[Math] Definition of gradient of a function $f$ in Riemannian manifold

definitionriemannian-geometrysemi-riemannian-geometry

I'm reading Semi Riemannian Geometry with applications to relativity by Barret Oneill and I'm trying understand the definition of gradient of a function $f$ in Riemannian Manifold. I know that motivation for define the gradient of a function $f$ in Riemannian Geometry is preserve the fact that $ \langle grad \ f , X \rangle = df(X)$ in $\mathbb{R}^n$, where $X$ is a vector field. On the one hand, $df(X) = \sum_{i=1}^{i=n} \frac{\partial f}{\partial x^i} X^i$. On the other hand, $$\langle grad \ f , X \rangle = \langle \sum_{i=1}^{i=n} (grad \ f)^i \frac{\partial }{\partial x^i} , \sum_{j=1}^{j=n} X^j \frac{\partial }{\partial x^j} \rangle = \sum_{j=1}^{j=n} \sum_{i=1}^{i=n} (grad \ f)^i \ X^j \langle \frac{\partial }{\partial x^i} , \frac{\partial }{\partial x^j} \rangle = \sum_{j=1}^{j=n} \sum_{i=1}^{i=n} (grad \ f)^i \ X^j g_{ij}.$$ If $ \langle grad \ f , X \rangle = df(X)$, then $\sum_{i=1}^{i=n} \frac{\partial f}{\partial x^i} X^i = \sum_{j=1}^{j=n} \sum_{i=1}^{i=n} (grad \ f)^i \ X^j g_{ij} \ (*)$, but the author affirms that $$grad \ f := \sum_{j=1}^{j=n} \sum_{i=1}^{i=n} g^{ij} \frac{\partial f}{\partial x^i} \frac{\partial }{\partial x^j}.$$ I know that $g^{ij}$ represent the element of the matrix $G^{-1}$, where $G$ is the matrix of tensor metric, but I don't understand how the conclude that $grad \ f$ is this.

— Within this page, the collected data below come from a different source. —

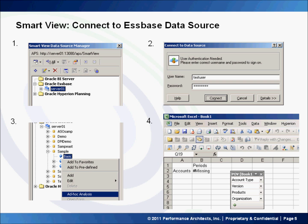Type in your username and password and click Connect. A list of available cubes will appear. Right-click on the cube and select Ad Hoc Analysis. The POV panel and default grid will appear.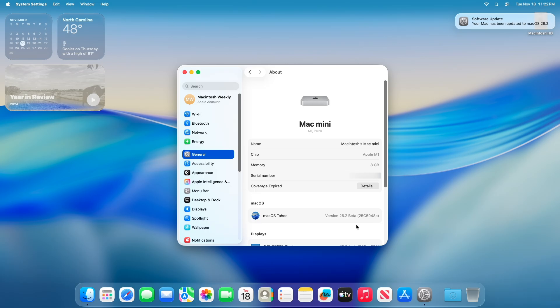Moving forward and talking about the changes and improvements made in this build. This beta focuses primarily on bug fixes, performance refinements, and minor developer tools rather than major new features, signaling that the update is stabilizing for a potential public release in mid-December 2025.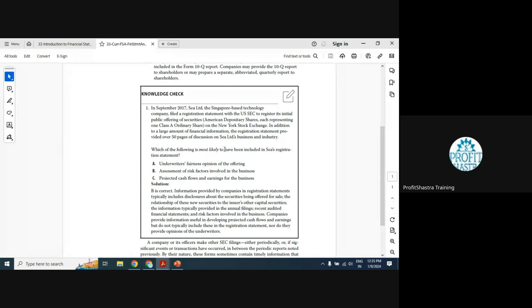The question asks: which of the following is most likely to have been included in C's registration statement? Be careful with italicized words like 'most likely' or 'least likely' — they can change the answer even if you understand the topic. The options are: A) underwriter's fairness opinion of the offering, B) assessment of risk factors, and C) projected cash flows and earnings.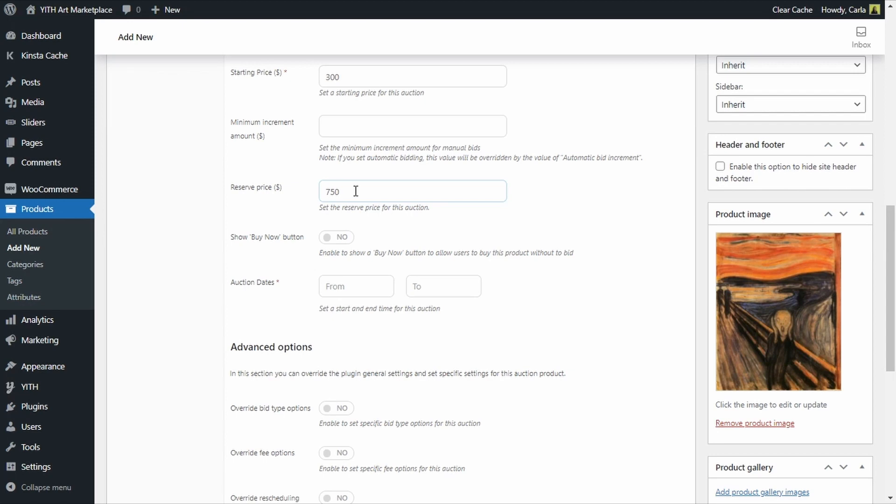On the other hand, since the reservation price is not shown in the product page, a bidder could offer 900 without knowing that the reservation price is lower than that. So if that happens I would receive more than what I aimed to receive. Then we have the show buy now button.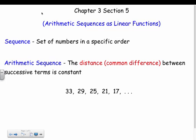We're going to take some basic sequences and write them as linear functions. These sequences are called arithmetic sequences. A sequence is just a set of numbers in a specific order — it could involve adding by the same number, multiplying by the same number, anything like that.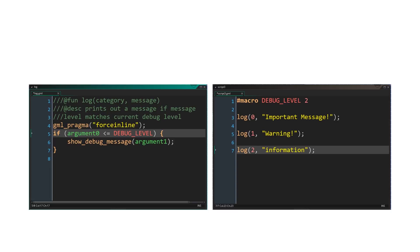Usually, these extra function calls and if statements would have an impact on the final game, even when the debug level is set to 0. That's because the level of the message would need to be checked against the current debug level during runtime, which can add up noticeably when used in tight loops.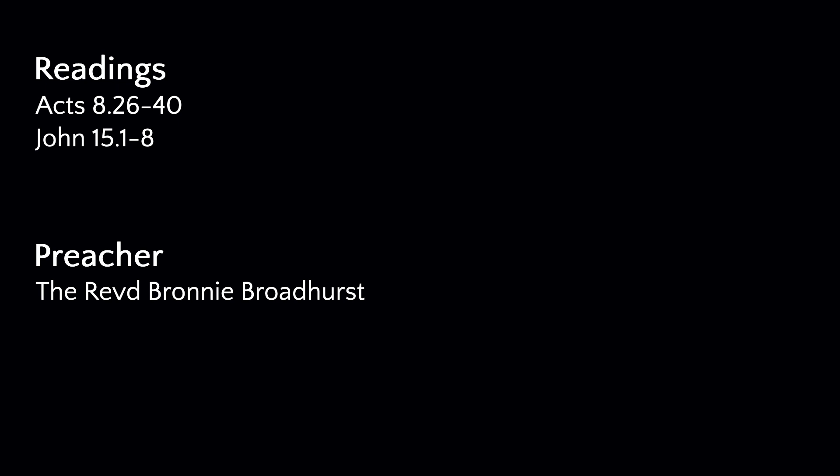The eunuch asked Philip, About whom, may I ask you, does the prophet say this? About himself or about someone else? Then Philip began to speak, and starting with this scripture, he proclaimed to him the good news about Jesus.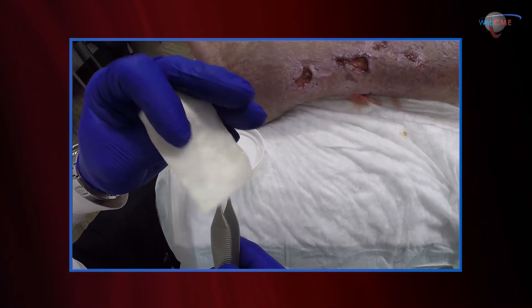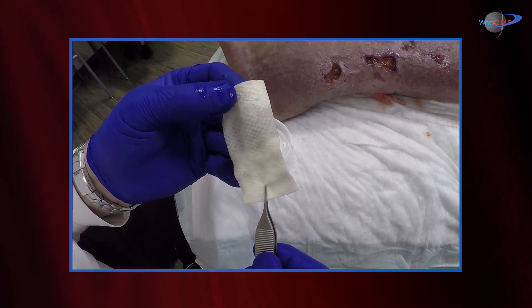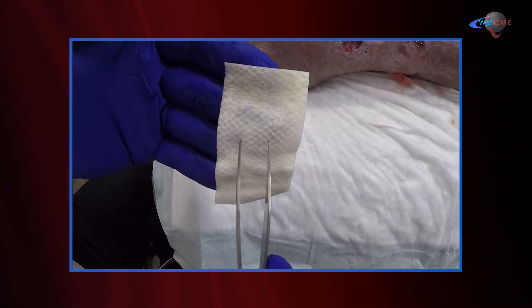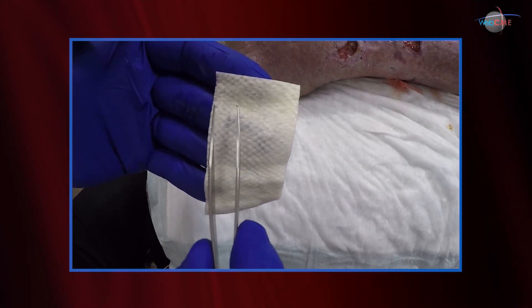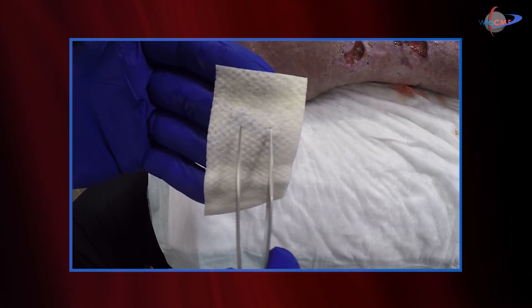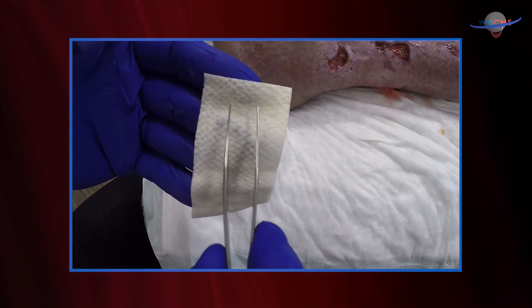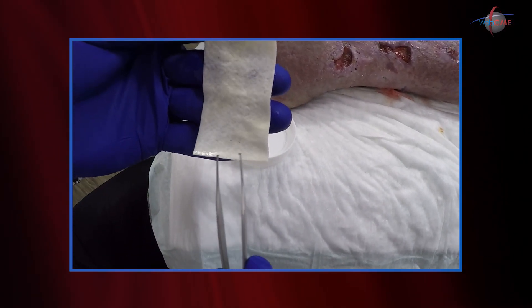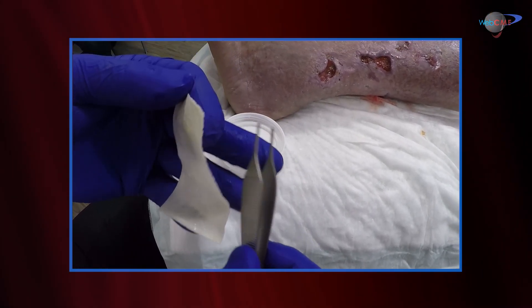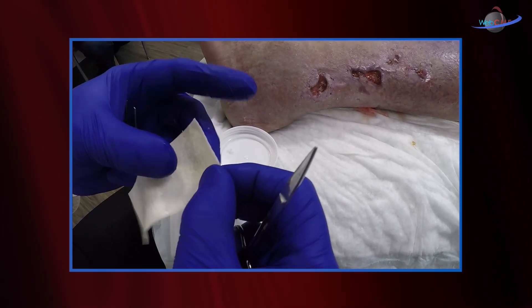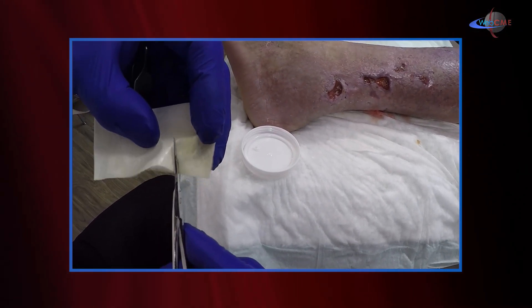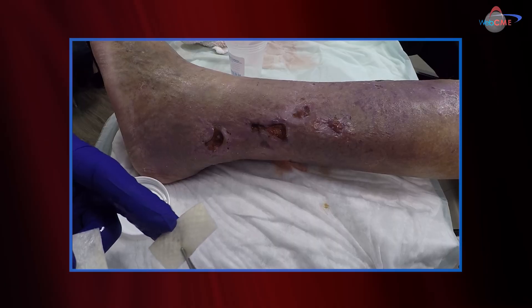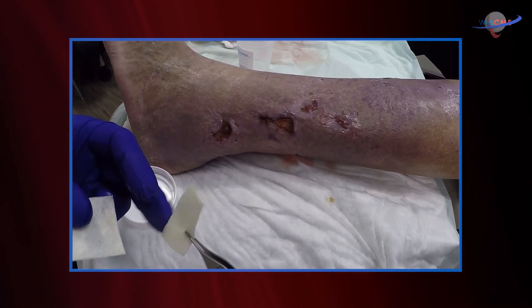Now there are two sides to this graft. As I mentioned, it's processed from Icelandic Cod. This is the externalized surface — this is where the graft met the outside world, the ocean. This has been stripped of all surface issues — scales, skin, etc. This is the underside, the basement membrane type of surface. We're going to go ahead and harvest enough of this to apply to the wound base. We apply the dermal matrix down to the wound base, with the externalized surface staying outside.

Thank you in advance for any help!

EDIT:

I tried develop the equation $(*)$ and I thought that I got it how $grad \ f$ is defined. I will put my development here.

$\sum_{i=1}^{i=n} \frac{\partial f}{\partial x^i} X^i = \sum_{j=1}^{j=n} \sum_{i=1}^{i=n} (grad \ f)^i \ X^j g_{ij} \Longrightarrow$

$\sum_{i=j}^{j=n} \frac{\partial f}{\partial x^j} X^j = \sum_{i=1}^{i=n} (grad \ f)^i \left(
\sum_{j=1}^{j=n} (g_{ij} X^j) \right)$

In matricial form, we have

$[\frac{\partial f}{\partial x^1} \cdots \frac{\partial f}{\partial x^n}] \cdot [X^1 \cdots X^n]^T = [(grad \ f)^1 \cdots (grad \ f)^n] \cdot G \cdot [X^1 \cdots X^n]^T$, where $[X^1 \cdots X^n]^T$ is the transpose of matrix $[X^1 \cdots X^n]$, then

$[\frac{\partial f}{\partial x^1} \cdots \frac{\partial f}{\partial x^n}] \cdot [X^1 \cdots X^n]^T – [(grad \ f)^1 \cdots (grad \ f)^n] \cdot G \cdot [X^1 \cdots X^n]^T = 0 \Longrightarrow$

$\left( [\frac{\partial f}{\partial x^1} \cdots \frac{\partial f}{\partial x^n}] – [(grad \ f)^1 \cdots (grad \ f)^n] \cdot G \right) \cdot [X^1 \cdots X^n]^T = 0 \Longrightarrow$

$[(grad \ f)^1 \cdots (grad \ f)^n] \cdot G = [\frac{\partial f}{\partial x^1} \cdots \frac{\partial f}{\partial x^n}] \Longrightarrow$

$[(grad \ f)^1 \cdots (grad \ f)^n] = [\frac{\partial f}{\partial x^1} \cdots \frac{\partial f}{\partial x^n}] \cdot G^{-1} \Longrightarrow$

$(grad \ f)^j = \sum_{i=1}^{i=n} \frac{\partial f}{\partial x^i} g^{ij}$. We can $grad \ f = \sum_{j=1}^{j=n} (grad \ f)^j \frac{\partial }{\partial x^j}$, then $grad \ f = \sum_{j=1}^{j=n} \left( \sum_{i=1}^{i=n} \frac{\partial f}{\partial x^i} g^{ij} \right) \frac{\partial }{\partial x^j} = \sum_{j=1}^{j=n} \sum_{i=1}^{i=n} \frac{\partial f}{\partial x^i} g^{ij} \frac{\partial }{\partial x^j}$

Best Answer

I like to think of this in terms of matrix algebra. Let's let our vector fields and one-forms be column vectors, where the one-forms act by transpose-multiplication.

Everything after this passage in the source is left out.